E tudo indica, ainda segundo suas análises, que “o avanço desta nova ‘era multicivilizacional’ não tem como ser revertido para o sistema mundial anterior, de completa supremacia eurocêntrica. Mesmo que o eixo ainda não tenha se deslocado inteiramente para a Ásia, já se estabeleceu um novo ‘balanço de poder’”, afirma o professor. (Veja no final deste texto a íntegra da Declaração publicada no site do PCdoB e que recebeu atenção blasé na mídia corporativa brasileira e assim permanece).

De acordo com Celso Amorim, ex-ministro das Relações Exteriores e também da Defesa, dos governos Lula e Dilma, a Carta de Putin e Xi constitui-se no fato mais importante e singular, desde os eventos que marcaram o fim da Guerra Fria, em particular, a derrubada do Muro de Berlim e, sobretudo, a dissolução da União Soviética. O diplomata assinala ainda, que, “mesmo sem a força jurídica de um tratado, a Declaração expressa com clareza nunca antes alcançada uma realidade até aqui vista apenas como uma possibilidade: o fim da era da hegemonia quase absoluta dos Estados Unidos sobre os destinos do mundo”.

A guerra que assistimos implica-se, por conseguinte, na forçosa mudança hegemônica do mundo, do bloco E.U./Otan/Europa, para o da China e Rússia, aliadas, tomarem a dianteira ainda nesta década, segundo prognosticam os especialistas. Testemunhamos então o canto do cisne dos prováveis falidos unidos, resistindo no ataque ao velho fantasma, os seus inimigos russos, e usando como bucha de canhão a Ucrânia, o bode expiatório pela posição estratégica na região onde se situa, e pondo assim a Rússia em condição de real e potencial perigo de extinção.

O futuro batendo à porta

Podemos esperar que muita água deverá ainda rolar sob essa ponte minada, e muito sangue também. O movimento gigantesco das relações entre potências é lento, complexo, em relação ao nosso, de insetos, em nossas vidinhas pessoais de expectativas e sonhos.

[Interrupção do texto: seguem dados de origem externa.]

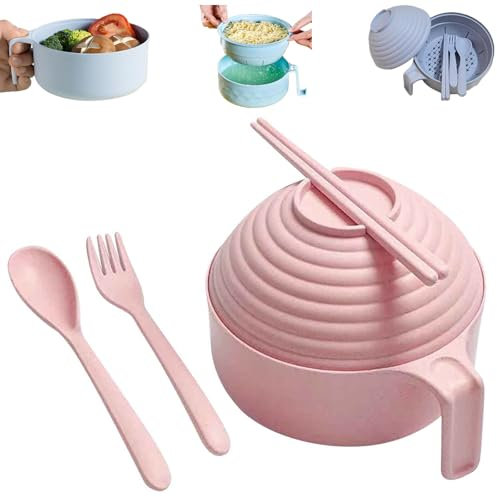 Microwave Ramen Bowl, Ramen Bowl Set with Chopsticks, Spoon and Fork, Microwave Noodle Bowl with Lid, Rapid Portable Ramen Cooker, for Dorm, Home, Office (Pink)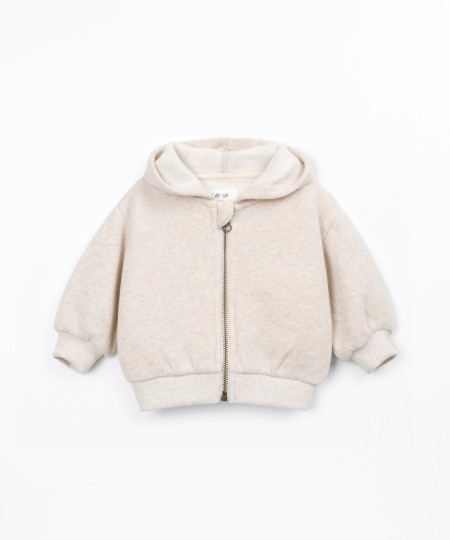 Knit jacket with a blend of cotton and recycled fibers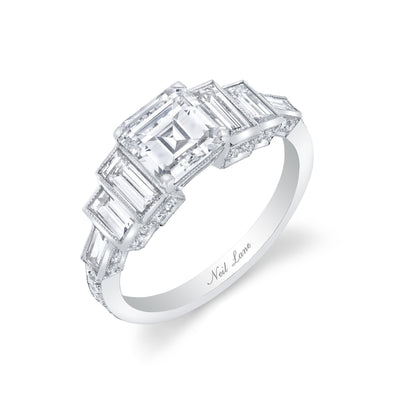 Neil Lane Couture Design Art Deco Style Square Emerald-Cut Diamond, Platinum Ring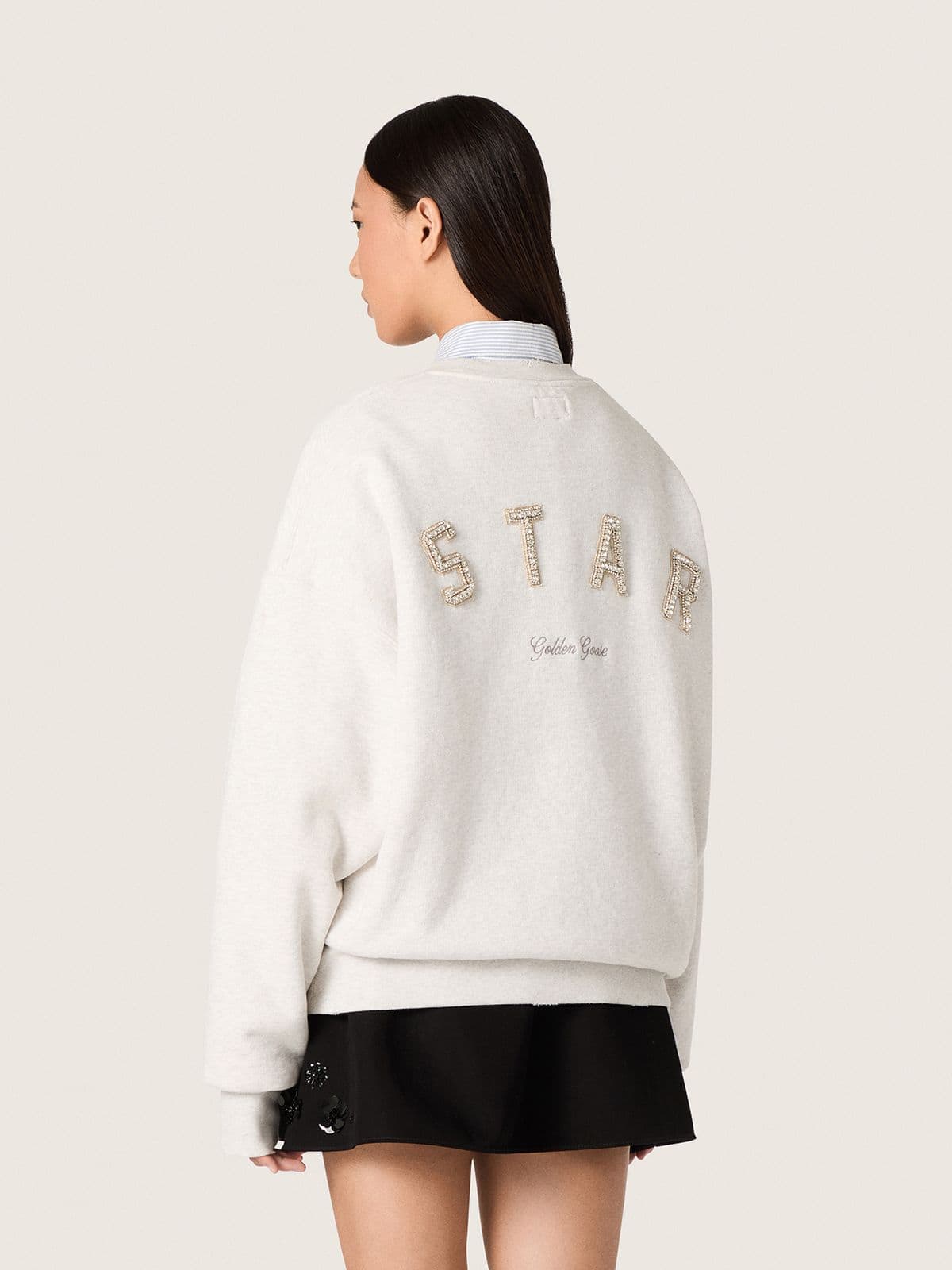 Star unisex sweatshirt in gray cotton with embroidery and crystals | Golden Goose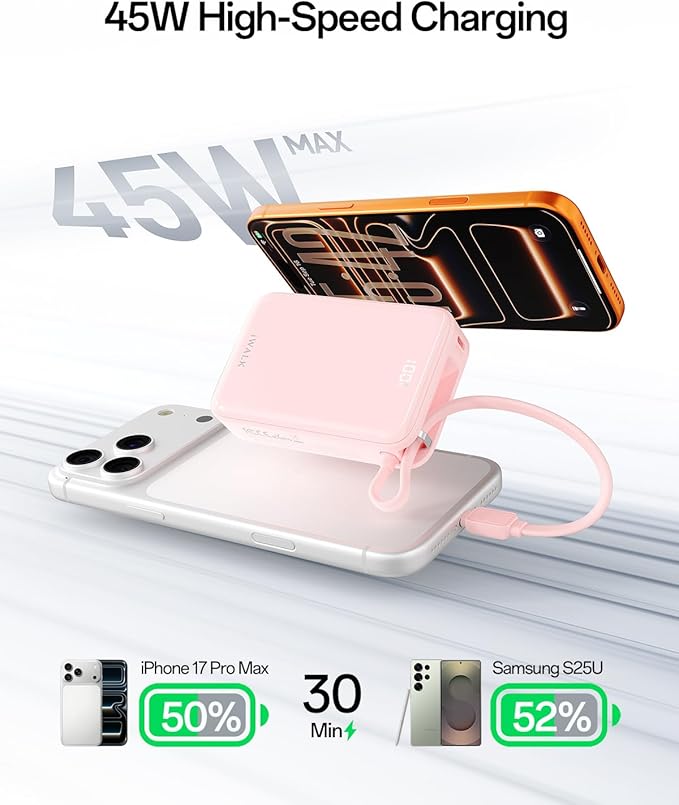 iWALK Portable Charger, 10000mAh 45W PD Power Bank, USB C in&Out Fast Charging Battery Pack with Phone Stand, Travel Essential Powerbank for iPhone 17 16 15 14 13 12 Samsung S25 MacBook etc,Pink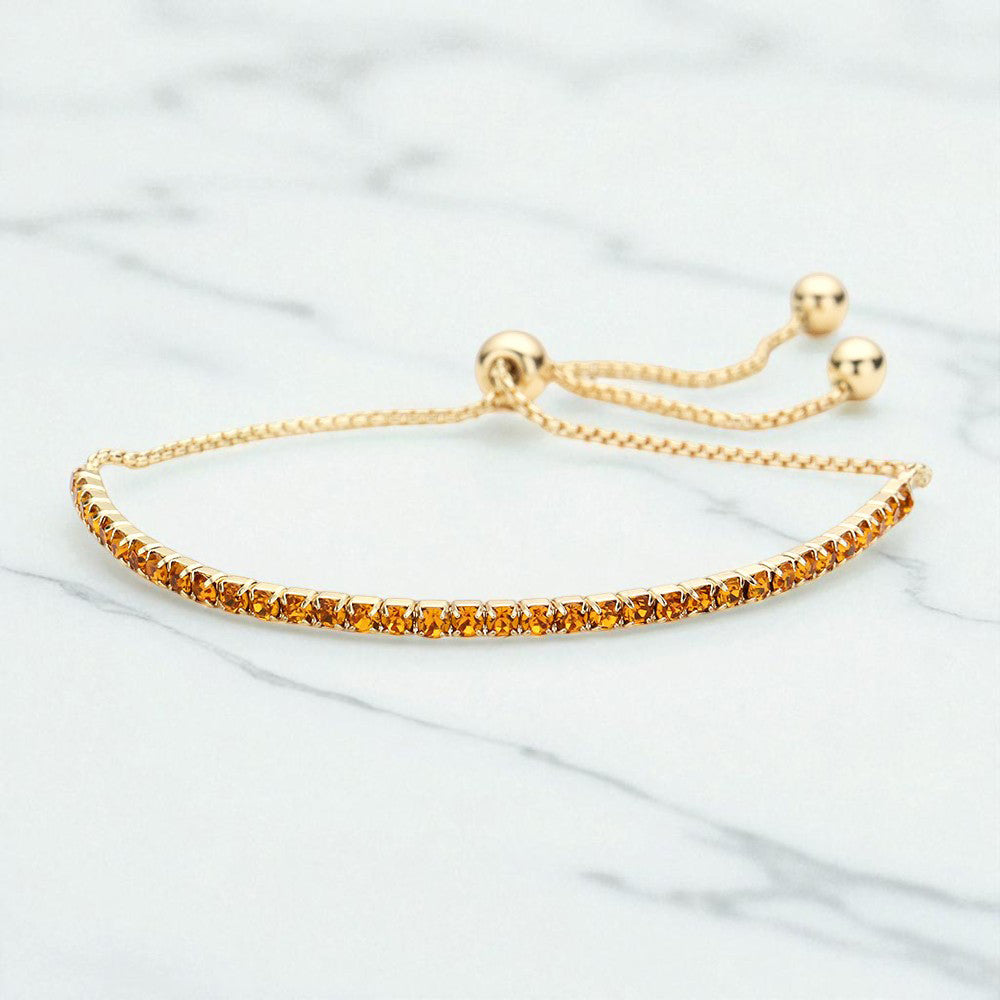 Madeline Love Lt Col Topaz Brass Metal Rhinestone Adjustable Pull Tie Bracelet - Bracelets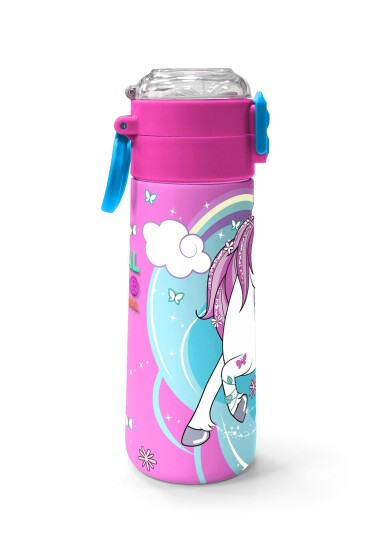 Coral High Kids Mavi Neon Pembe Unicorn Desenli Pipetli ve Direkt İçim Çelik Termos 500 ml 31925 - 2
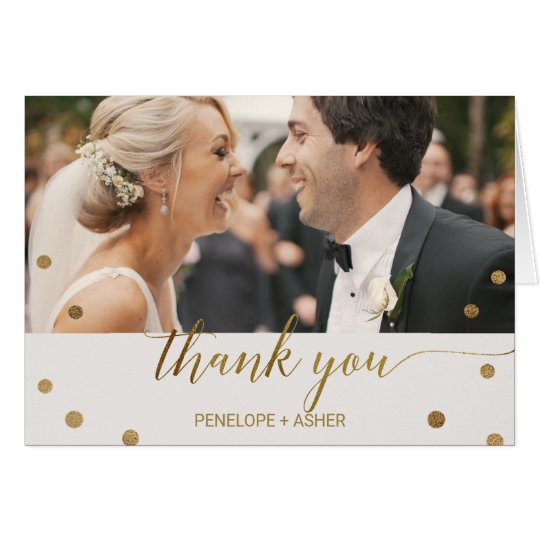 Gold Polka Dots Photo Thank You Card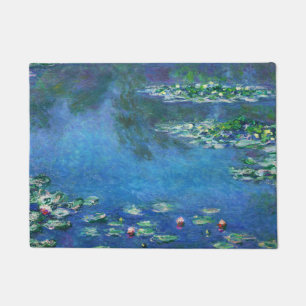 Vintage Water Lilies by Claude Monet Doormat
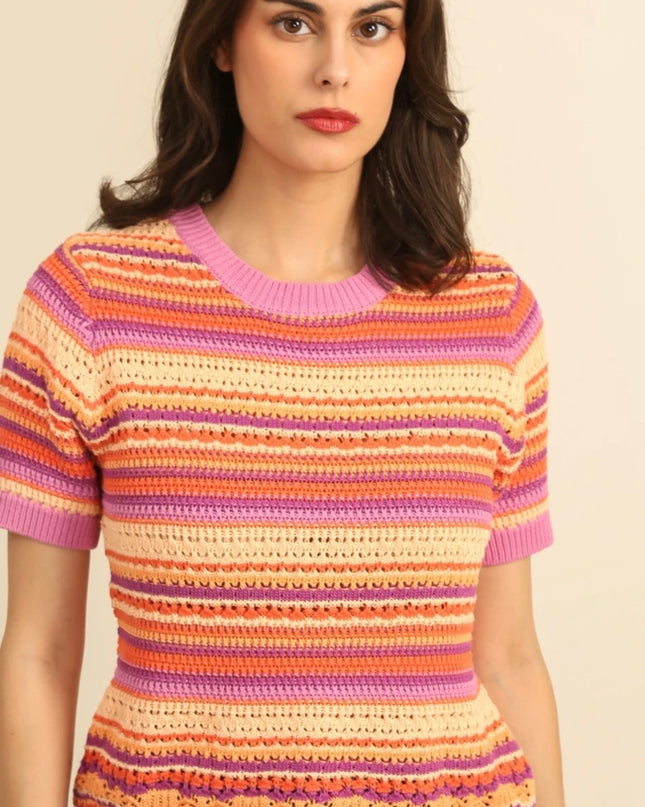 Eva Crochet Stripe Short Sleeve Sweater - Pink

E segue firme a campanha de desinformação da guerra, levando a reboque nas redes sociais os que se expõem como Os Pacifistas, taxando os russos como os grandes e únicos Vilões do Planeta Terra. Esquecemos que ao nosso redor são diárias as guerras que matam pretos, indígenas, mulheres, gays, como bem nos lembra o jornalista e escritor José Arbex Jr. E por estes, não se ouvem choro e ranger de dentes com a paixão e o alarde que se observam em torno do conflito distante, embora sim, ameaçador e perigoso, indiscutivelmente.

Biden em sua démarche deixa o fantoche comediante se estropiar por si, mas deixa também à própria sorte o povo ucraniano, com a antológica avidez por poder expansionista do Estado americano. Guerra é fábrica de caos. Quanto pagam de carma esses irresponsáveis, quando muitos deles morrem impunes?

Refugiados da Ucrânia chegando na Estação de Hamburgo, Alemanha (Foto: Dida de Lima)

Relatos do campo de batalha na Ucrânia, segundo apurações da turma das webtvs independentes, e de reports como o do coronel americano aposentado Douglas McGregor, na CNN, nos últimos dias, indicam que a Rússia pode pôr EUA/Otan/Europa no bolso, com o cerco que fez na costa da Ucrânia (tal como Putin explica a Stone que os americanos fariam à Rússia, se avançassem com a OTAN às suas fronteiras). O que pode sinalizar um lento, mas provável fim da tensão na região.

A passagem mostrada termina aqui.